Parmi les actions efficaces et immédiates à adopter, le rapport se consacre pour la première fois aux solutions comportementales, telles que la réduction de la consommation d’énergie ou de la consommation de viande, une première dans l’histoire du Giec.
La sobriété comme solution majeure contre le changement climatique
Les scientifiques tentent ainsi de répondre à la question : "Comment le monde peut se passer d’une partie de l’énergie aujourd’hui produite ?" C’est un concept qui n’est pas nouveau, cela s’appelle la "sobriété", mais ce domaine n’avait jamais été présenté par le Giec comme l’une des solutions majeures pour combattre le réchauffement climatique. C’est en effet un sujet politique très sensible.
"La sobriété, c’est une diminution de notre consommation d’énergie en revoyant nos modes de vie et nos habitudes", définit Nicolas Goldberg, consultant en énergie chez Colombus Consulting.
"Il ne faut pas confondre ce terme avec "efficacité", qui est faire la même chose mais de manière plus efficace, comme se loger dans une maison bien isolée pour mieux se chauffer", poursuit-il. "La sobriété, en revanche, c’est limiter son chauffage à 19 degrés et enfiler un pull".
Un sujet "explosif" sur le plan politique
Baisser le chauffage mais aussi généraliser le télétravail, favoriser le covoiturage, rouler moins vite, construire des voitures plus petites et moins lourdes pour extraire moins de matières premières… Toutes ces mesures de sobriété sont des leviers efficaces de réduction d’émissions de CO2, mais peu attractives sur le plan politique.
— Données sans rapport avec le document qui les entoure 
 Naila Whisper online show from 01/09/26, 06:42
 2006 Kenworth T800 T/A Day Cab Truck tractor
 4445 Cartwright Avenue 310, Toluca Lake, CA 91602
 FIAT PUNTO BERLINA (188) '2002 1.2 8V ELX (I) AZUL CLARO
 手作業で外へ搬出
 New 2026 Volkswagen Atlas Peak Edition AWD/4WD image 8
"C’est un sujet explosif", admet Nicolas Goldberg. "Mais ce sera nécessaire, sinon on va s'orienter vers une sobriété subie, comme on l’a en ce moment", ajoute le consultant en énergie. "Aujourd’hui, beaucoup de gens ne prennent plus leur véhicule à essence pour une question de portefeuille. Et ce sera à mon avis beaucoup plus violent si la sobriété surgit ainsi, comme une contrainte, et bouleverse nos vies. Un débat démocratique sur la question, certes difficile à mettre en place, pour réduire la consommation d’énergie sera moins indolore", conclut-il.
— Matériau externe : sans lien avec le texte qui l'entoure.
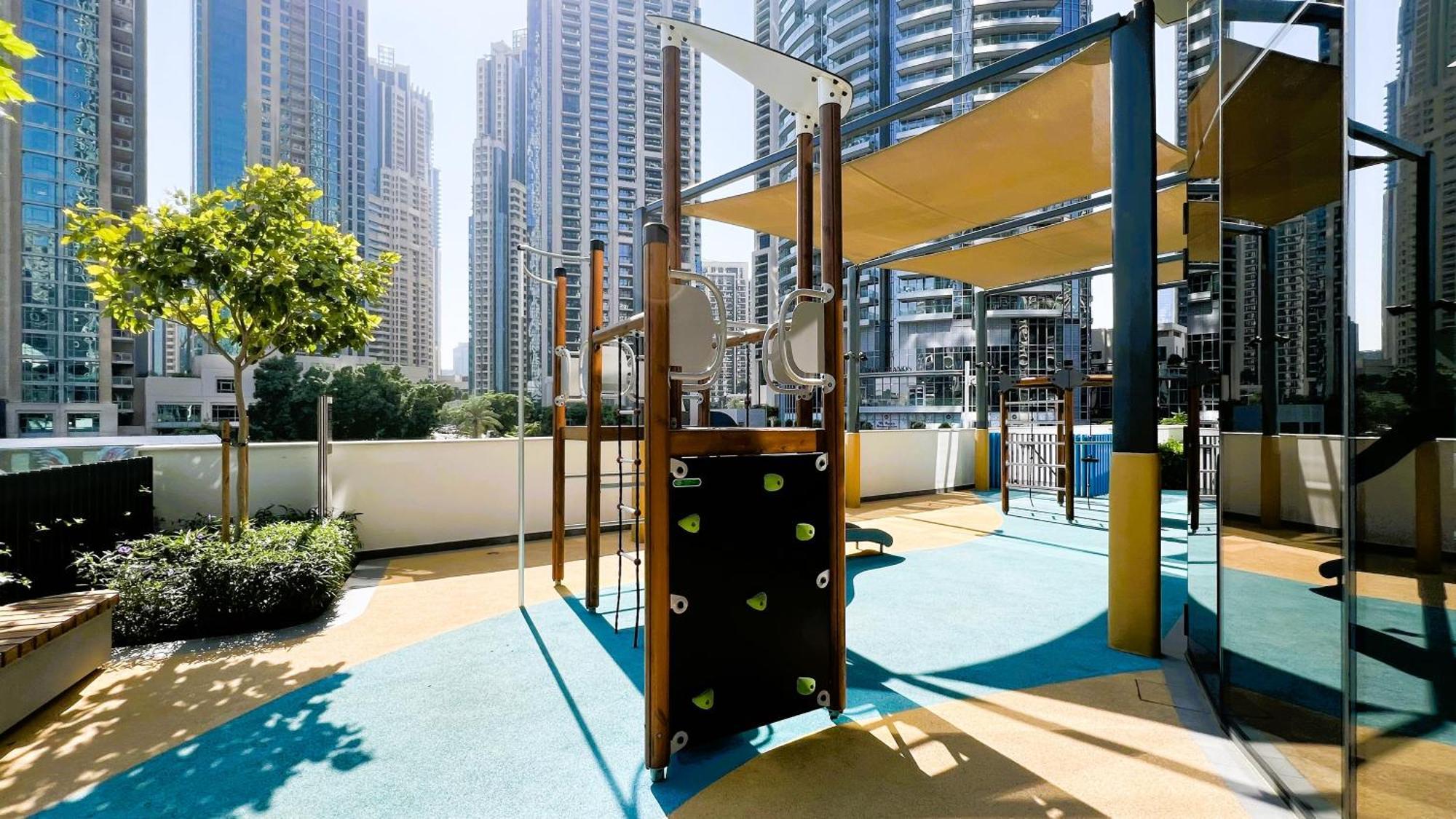 Apartment Upscale 2br With Burj Khalifa View - Next To Opera And Near Mall Dubai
Malgré un léger ralentissement en 2020, les émissions mondiales de gaz à effet de serre n’ont jamais cessé d’augmenter depuis les années 1850. La planète se situe, actuellement, sur une trajectoire de réchauffement de trois degrés d’ici la fin du siècle. D'après le rapport du Giec, les montants à investir pour faire face au dérèglement climatique devront, d'ici 2030, être six fois plus importants que les investissements actuels.